Supplied records:
####
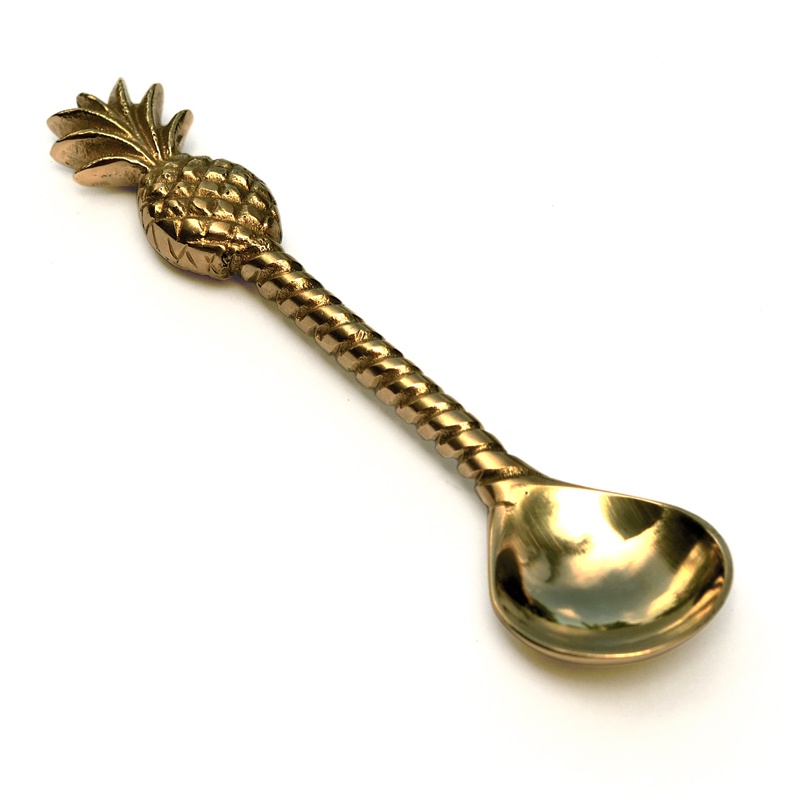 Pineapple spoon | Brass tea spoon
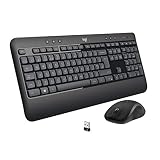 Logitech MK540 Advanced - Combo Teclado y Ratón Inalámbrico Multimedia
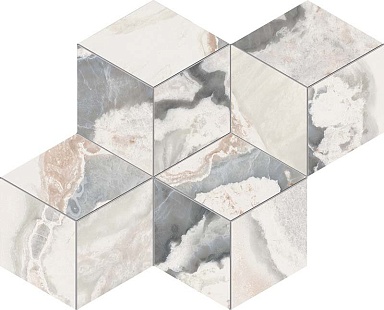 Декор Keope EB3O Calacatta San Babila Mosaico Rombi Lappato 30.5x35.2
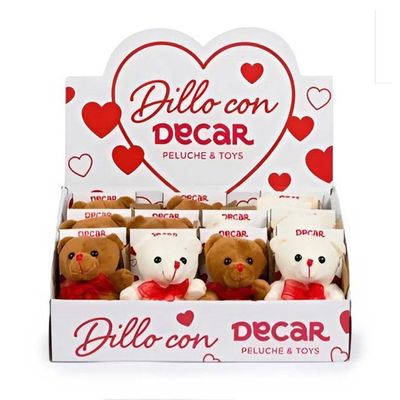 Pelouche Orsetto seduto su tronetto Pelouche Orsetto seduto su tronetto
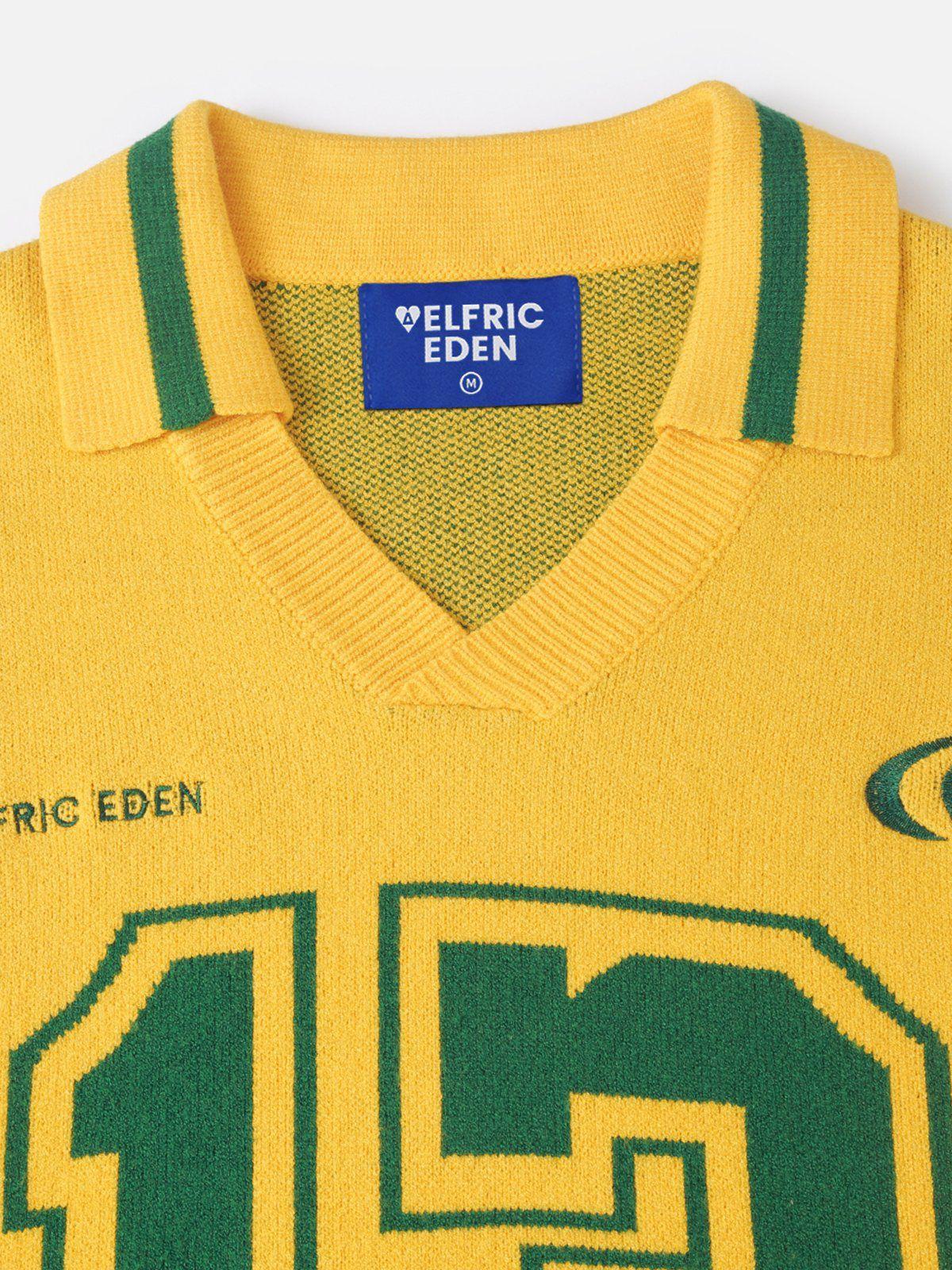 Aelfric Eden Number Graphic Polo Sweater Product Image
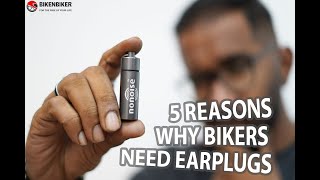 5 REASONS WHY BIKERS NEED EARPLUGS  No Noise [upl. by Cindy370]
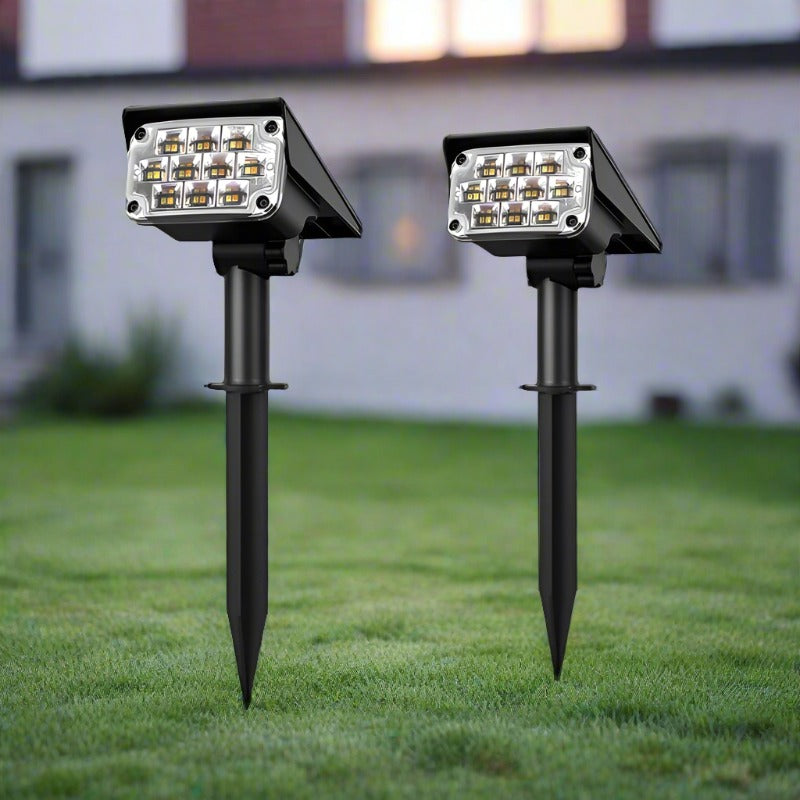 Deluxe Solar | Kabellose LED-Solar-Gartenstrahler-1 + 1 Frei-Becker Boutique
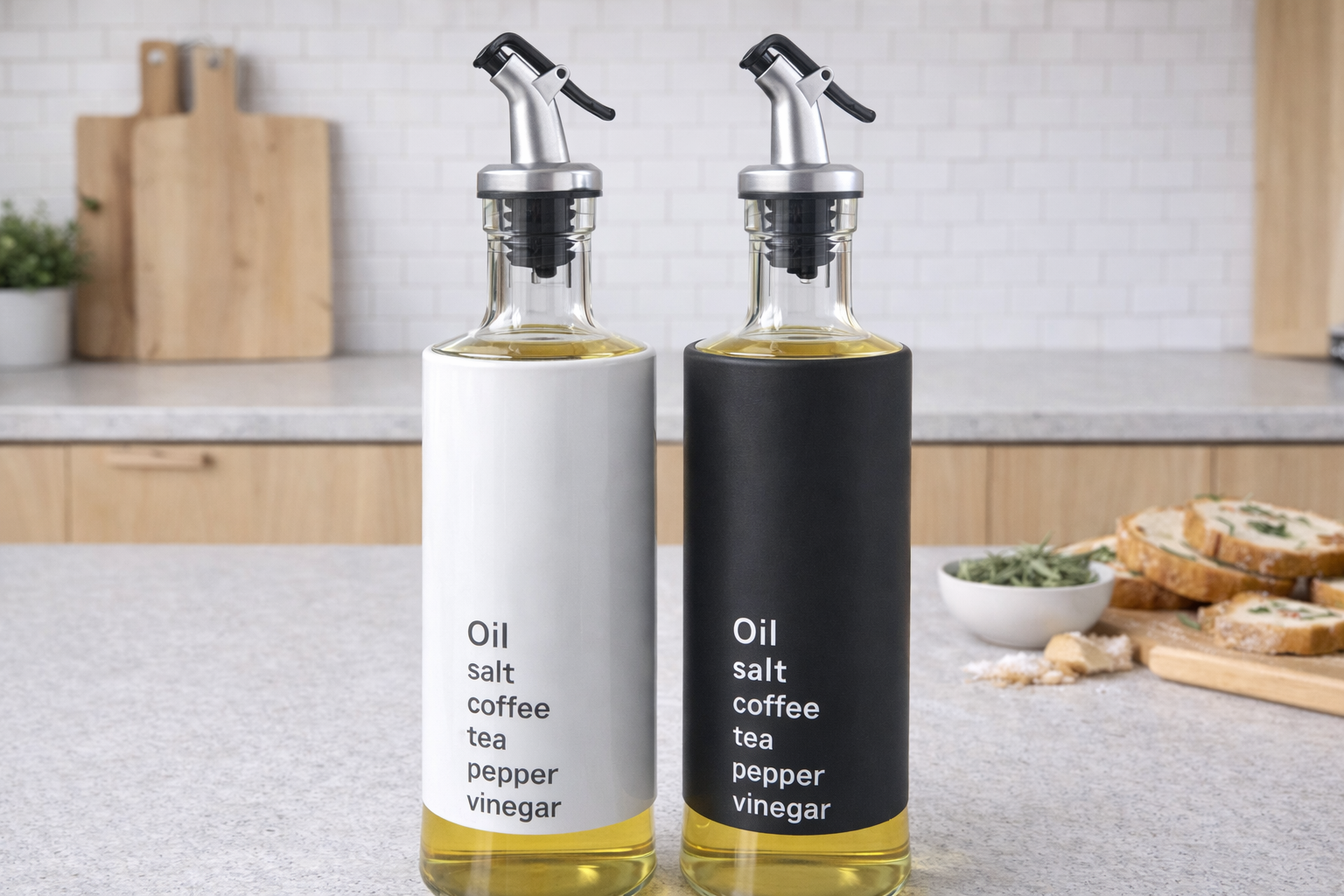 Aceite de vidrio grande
####
What is needed:
Before copying the data, remove the pictures. Then repeat the rest exactly.

The completed task:
 Pineapple spoon | Brass tea spoon
 Logitech MK540 Advanced - Combo Teclado y Ratón Inalámbrico Multimedia
 Декор Keope EB3O Calacatta San Babila Mosaico Rombi Lappato 30.5x35.2
 Pelouche Orsetto seduto su tronetto Pelouche Orsetto seduto su tronetto
 Aelfric Eden Number Graphic Polo Sweater Product Image
 5 REASONS WHY BIKERS NEED EARPLUGS  No Noise [upl. by Cindy370]
 Deluxe Solar | Kabellose LED-Solar-Gartenstrahler-1 + 1 Frei-Becker Boutique
 Aceite de vidrio grande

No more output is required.